# ASSIGNED TASK:
Reproduce the records word for word, apart from the images they contain.

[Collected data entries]

● ● ● ● ● ● ●

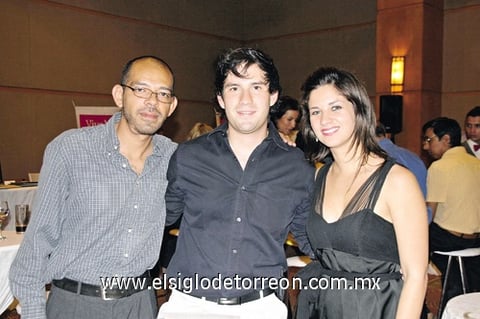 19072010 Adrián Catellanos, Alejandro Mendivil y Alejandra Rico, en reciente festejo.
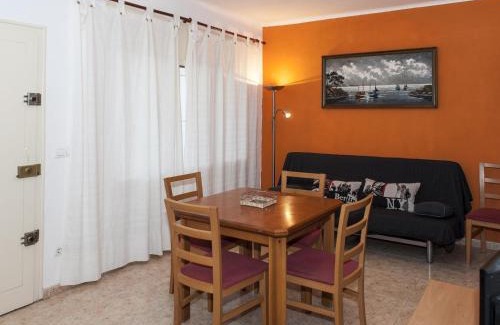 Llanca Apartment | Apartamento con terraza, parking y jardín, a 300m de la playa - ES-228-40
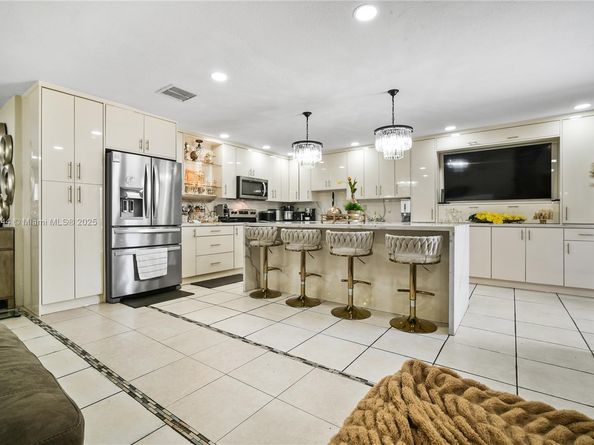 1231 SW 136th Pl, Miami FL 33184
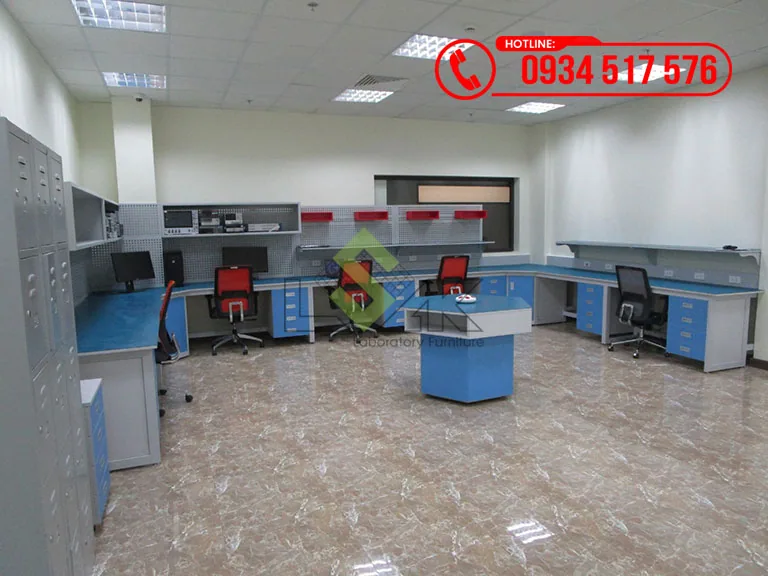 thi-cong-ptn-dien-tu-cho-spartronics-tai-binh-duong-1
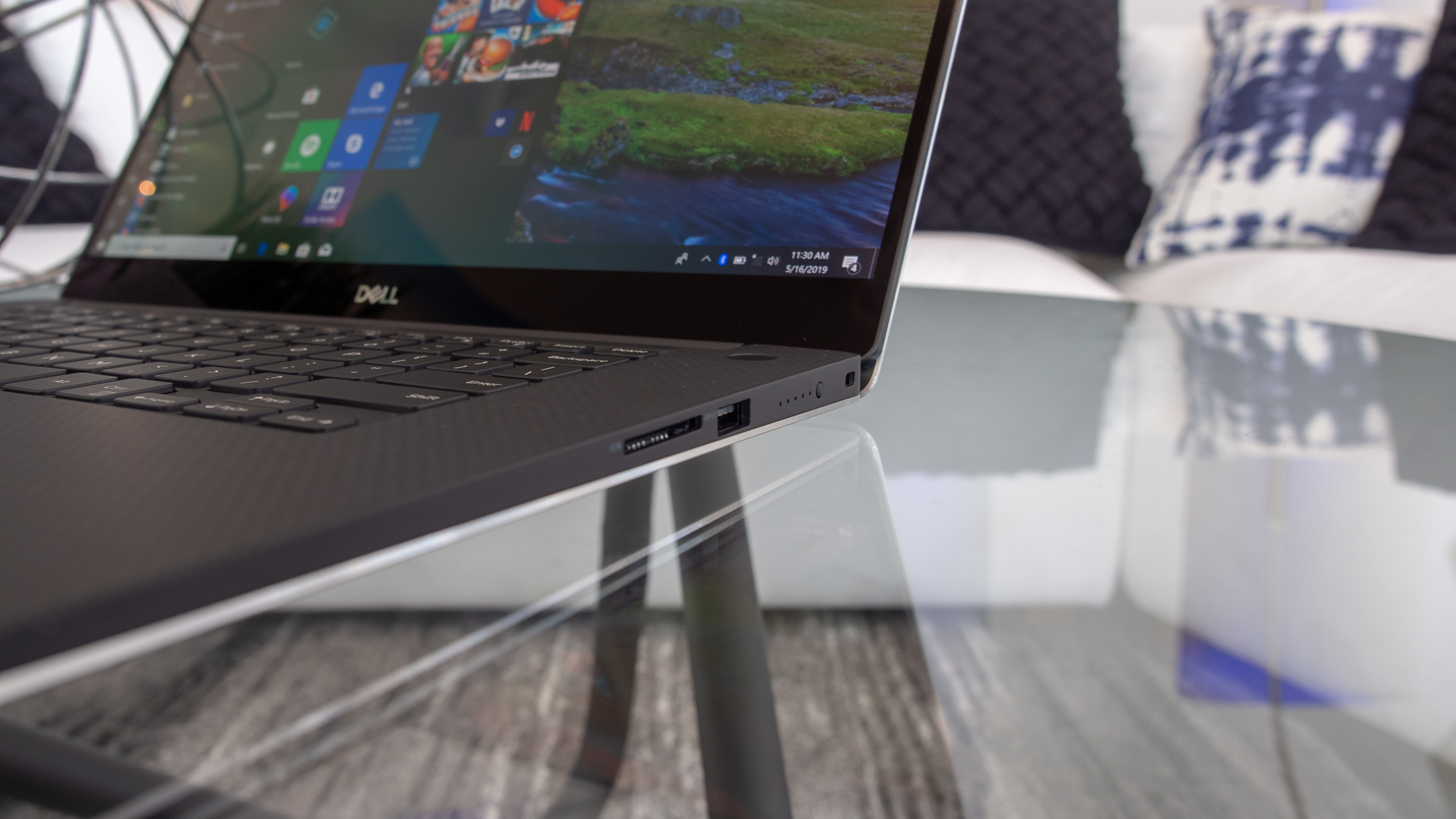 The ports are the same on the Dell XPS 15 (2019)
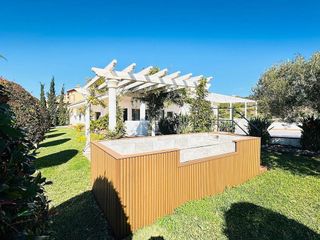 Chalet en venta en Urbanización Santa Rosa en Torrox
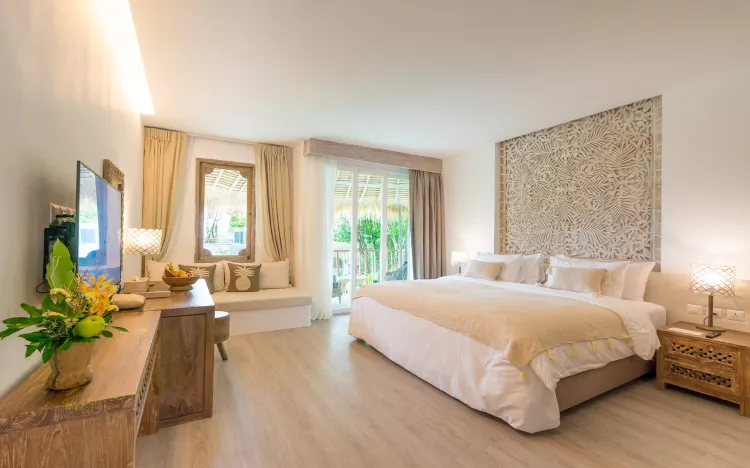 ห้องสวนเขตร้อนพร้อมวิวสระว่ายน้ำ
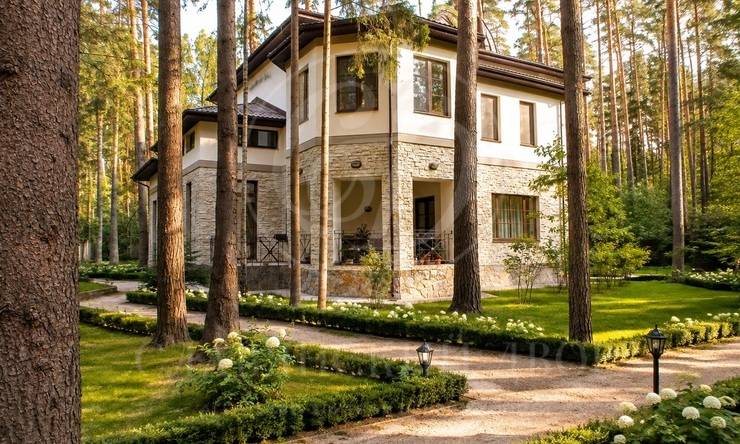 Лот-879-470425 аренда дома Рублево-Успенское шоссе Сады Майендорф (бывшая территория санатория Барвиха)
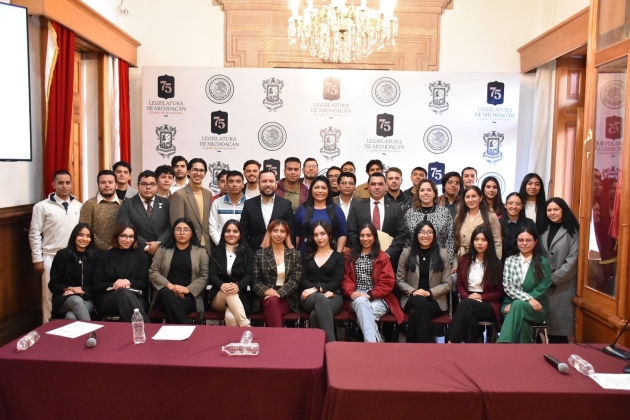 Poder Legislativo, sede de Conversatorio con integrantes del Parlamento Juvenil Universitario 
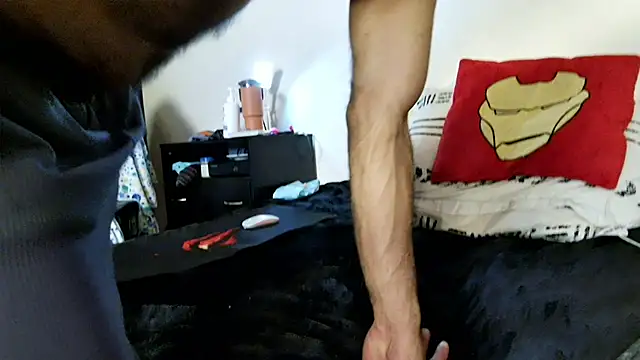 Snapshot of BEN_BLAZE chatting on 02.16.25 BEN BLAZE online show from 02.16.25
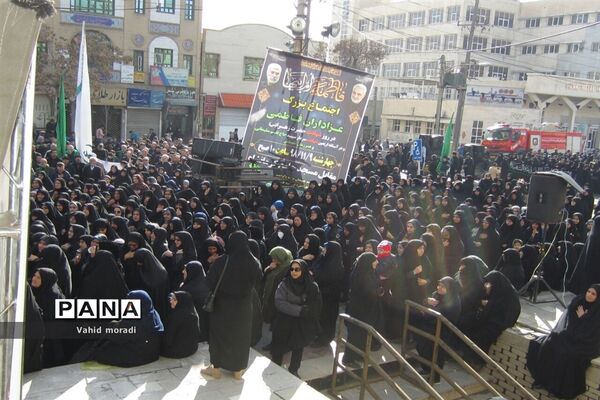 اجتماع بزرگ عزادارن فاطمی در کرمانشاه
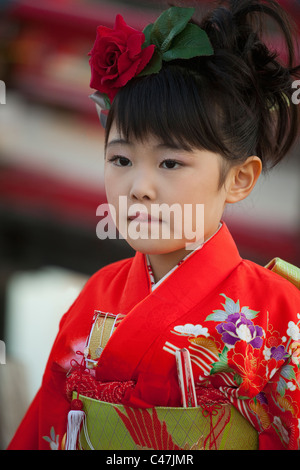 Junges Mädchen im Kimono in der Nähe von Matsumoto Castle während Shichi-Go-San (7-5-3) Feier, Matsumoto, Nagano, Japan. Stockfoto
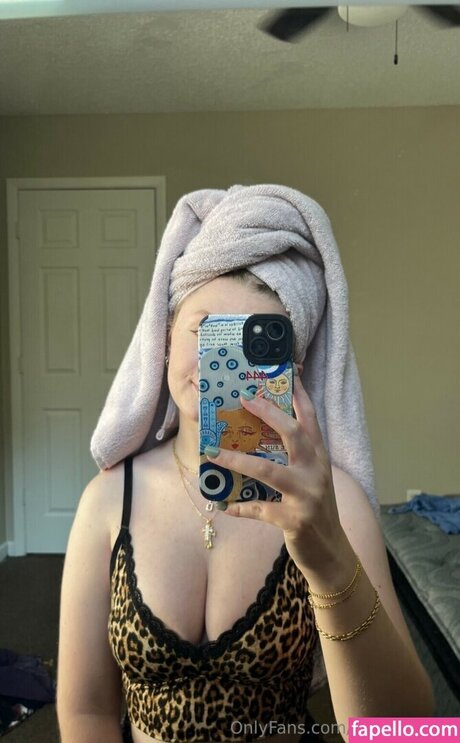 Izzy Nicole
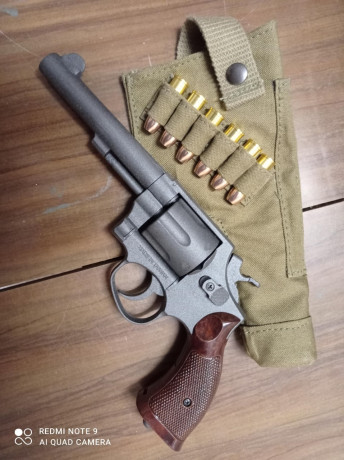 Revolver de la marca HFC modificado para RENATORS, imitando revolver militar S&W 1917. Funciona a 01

● ● ● ● ● ● ●

# WRITTEN SOLUTION:
 19072010 Adrián Catellanos, Alejandro Mendivil y Alejandra Rico, en reciente festejo.
 Llanca Apartment | Apartamento con terraza, parking y jardín, a 300m de la playa - ES-228-40
 1231 SW 136th Pl, Miami FL 33184
 thi-cong-ptn-dien-tu-cho-spartronics-tai-binh-duong-1
 The ports are the same on the Dell XPS 15 (2019)
 Chalet en venta en Urbanización Santa Rosa en Torrox
 ห้องสวนเขตร้อนพร้อมวิวสระว่ายน้ำ
 Лот-879-470425 аренда дома Рублево-Успенское шоссе Сады Майендорф (бывшая территория санатория Барвиха)
 Poder Legislativo, sede de Conversatorio con integrantes del Parlamento Juvenil Universitario 
 Snapshot of BEN_BLAZE chatting on 02.16.25 BEN BLAZE online show from 02.16.25
 اجتماع بزرگ عزادارن فاطمی در کرمانشاه
 Junges Mädchen im Kimono in der Nähe von Matsumoto Castle während Shichi-Go-San (7-5-3) Feier, Matsumoto, Nagano, Japan. Stockfoto
 Izzy Nicole
 Revolver de la marca HFC modificado para RENATORS, imitando revolver militar S&W 1917. Funciona a 01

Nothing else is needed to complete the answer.